Given data section start

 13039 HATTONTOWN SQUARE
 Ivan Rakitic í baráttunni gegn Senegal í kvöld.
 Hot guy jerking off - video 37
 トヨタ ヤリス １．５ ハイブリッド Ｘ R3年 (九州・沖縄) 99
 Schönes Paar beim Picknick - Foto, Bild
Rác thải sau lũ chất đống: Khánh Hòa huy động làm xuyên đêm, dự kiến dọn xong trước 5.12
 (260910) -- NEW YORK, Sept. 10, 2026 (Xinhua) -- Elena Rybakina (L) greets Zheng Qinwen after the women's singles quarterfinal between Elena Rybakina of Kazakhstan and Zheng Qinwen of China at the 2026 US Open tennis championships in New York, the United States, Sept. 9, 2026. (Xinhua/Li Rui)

Given data section end
Given data section start

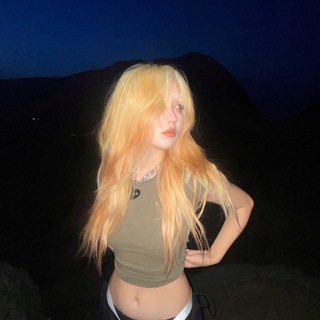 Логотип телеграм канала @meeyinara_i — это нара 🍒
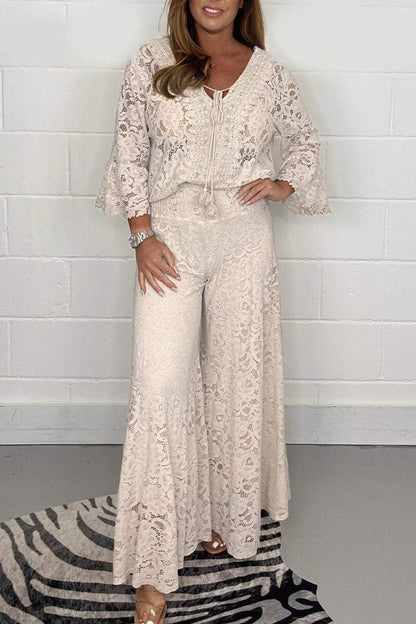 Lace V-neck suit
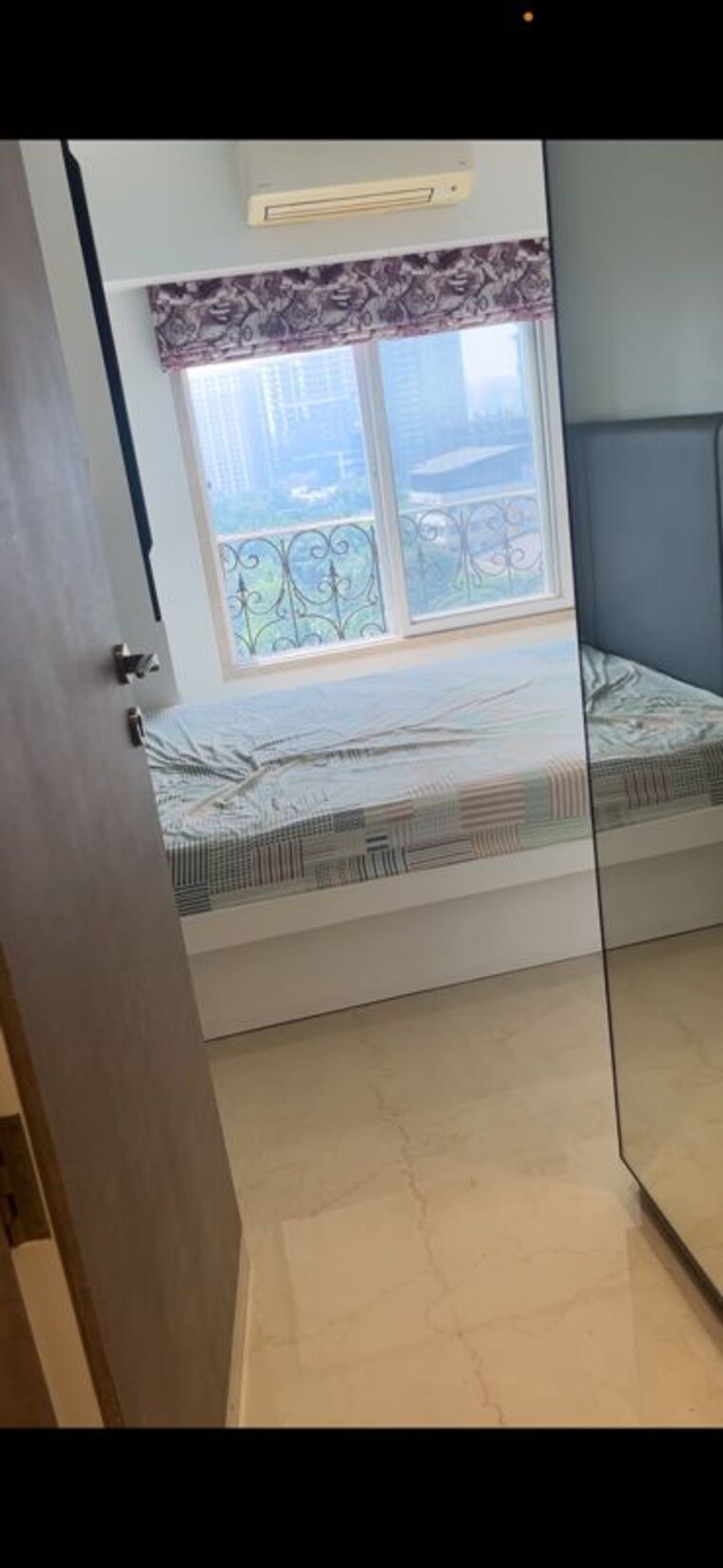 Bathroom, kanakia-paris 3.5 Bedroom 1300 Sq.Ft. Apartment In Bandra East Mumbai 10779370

Given data section end
Given data section start

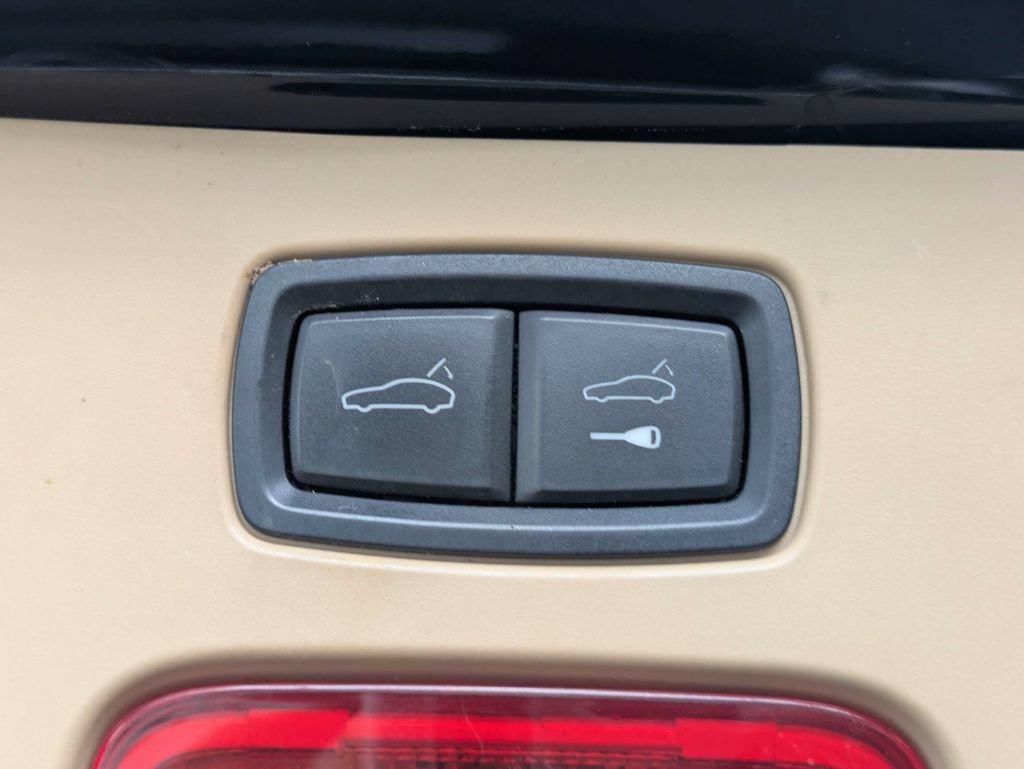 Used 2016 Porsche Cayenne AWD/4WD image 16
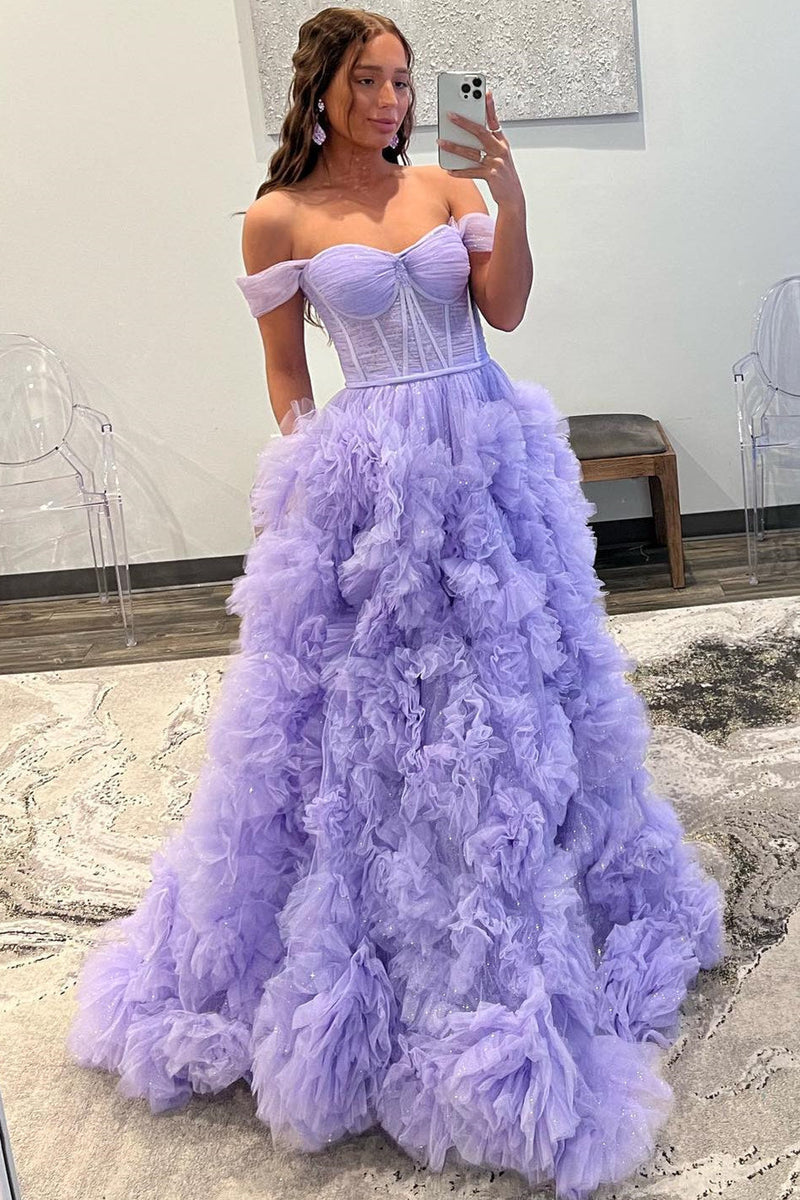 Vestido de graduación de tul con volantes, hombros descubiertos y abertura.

Given data section end

Aim of the task:
Everything above from the line containing "Used 2016 Porsche Cayenne AWD/4WD image 16" down to the line containing "Vestido de graduación" is to be duplicated exactly, both lines included, and the pictures are to be omitted.

Reply to the exercise:
 Used 2016 Porsche Cayenne AWD/4WD image 16
 Vestido de graduación de tul con volantes, hombros descubiertos y abertura.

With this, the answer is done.